Physical elements of biology and astronomy are also frequent references for Löfdahl. Korallöar till 30-åriga kriget (Coral Islands for the Thirty Years’ War, 1993), for instance, is a series of four low, white platforms, on top of which sit white plaster helmets. Clinical specimens like these seem to belong on the laboratory table, and invite a sort of imaginative pondering not generally common to Minimalist art. Other works are more overtly political, like the numerous ‘Modeller’ (Models) from the early to mid-1990s that allude to Swedish political discourse directed at creating a workable model for a democratic socialist state. One of the various models, Modell F (1993), is a wall-mounted glass bottle that has been broken and carefully reassembled. Through its mouth is balanced a metal rod with matching white spheres on each end. The artist has described the work as ‘an equation in which one term is left “hanging in the air” while the other one is surrounded by action’ – an apt metaphor for Sweden’s ambivalence toward remaining a welfare state.
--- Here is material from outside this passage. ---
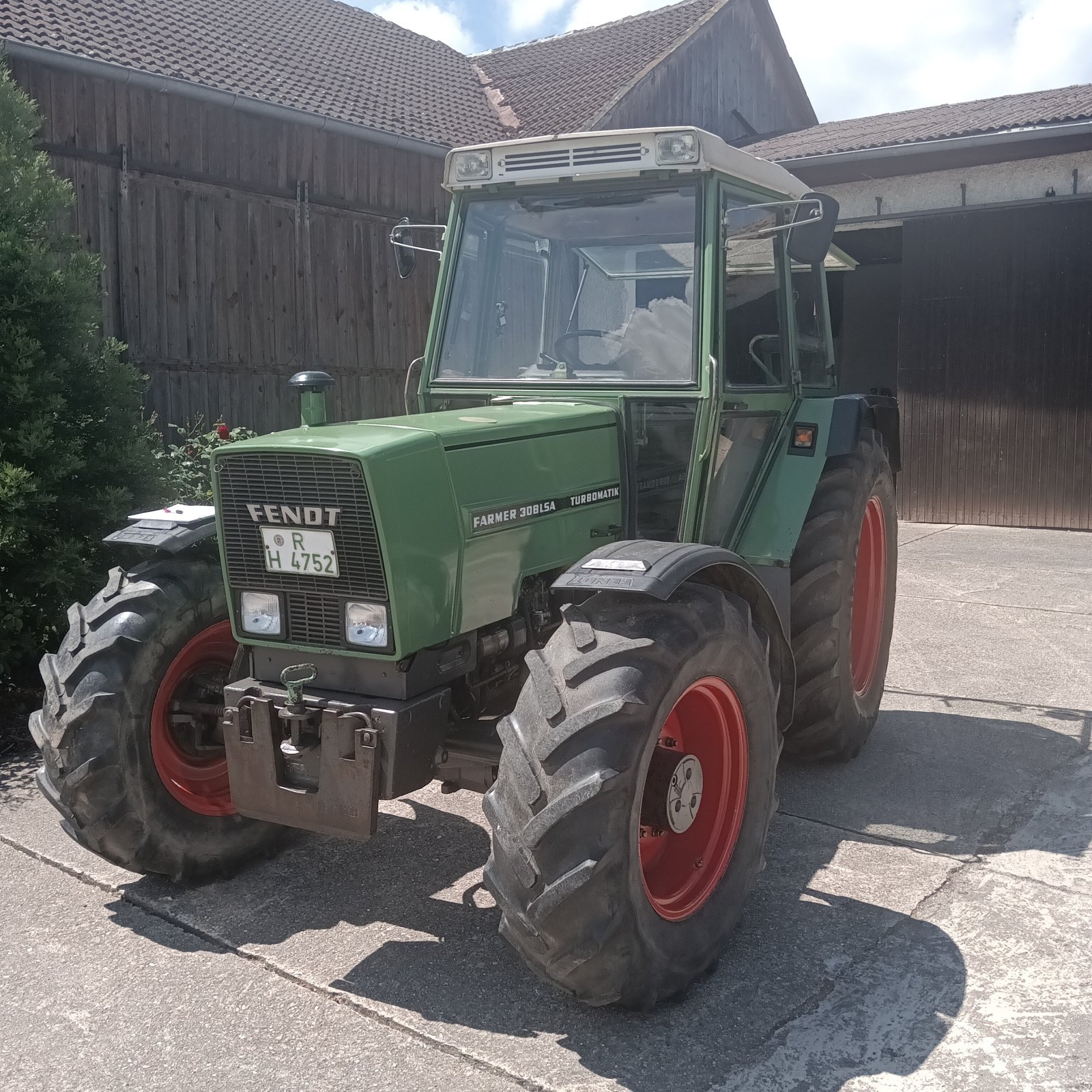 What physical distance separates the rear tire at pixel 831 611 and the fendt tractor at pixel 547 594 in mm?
15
What emerges through this retrospective is a body of work that is consumed with exploring the properties of objects as much as relationships between light and darkness, floor and ceiling, static and dynamic. Even the seemingly incongruous early paintings on cardboard – from the period in the early ’80s when the artist was part of the punk rock-inspired performance collective Wallda – or her three-dimensional splatter paintings (Utan titel, Untitled, 1988), add to the viewer’s awareness that Löfdahl is able to transmute her interests to nearly any medium.